Provided data:
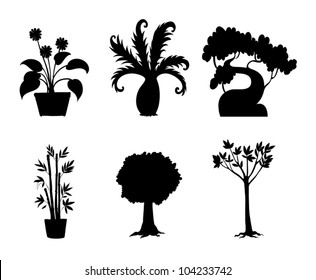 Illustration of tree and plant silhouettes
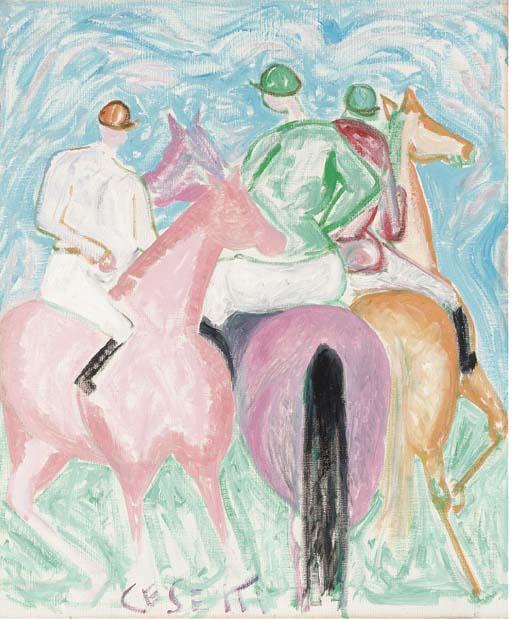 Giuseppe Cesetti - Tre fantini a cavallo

==

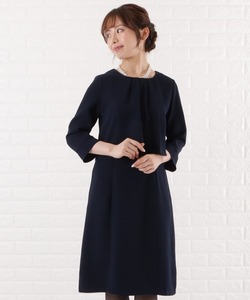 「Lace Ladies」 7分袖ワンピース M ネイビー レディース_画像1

--

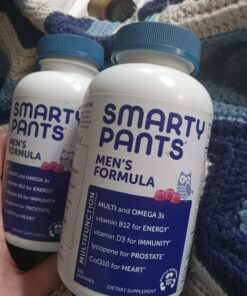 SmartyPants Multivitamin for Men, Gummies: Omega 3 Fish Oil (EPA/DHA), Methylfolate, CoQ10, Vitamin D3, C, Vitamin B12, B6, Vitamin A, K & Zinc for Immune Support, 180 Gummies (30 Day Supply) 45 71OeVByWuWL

Your goal: Working from the data above, repeat exactly, and only, the lines that begin at the line containing "Illustration of tree and plant silhouettes" and stop after the line containing "Giuseppe Cesetti - Tre fantini a cavallo"; pictures are not copied.

Result of the exercise:
 Illustration of tree and plant silhouettes
 Giuseppe Cesetti - Tre fantini a cavallo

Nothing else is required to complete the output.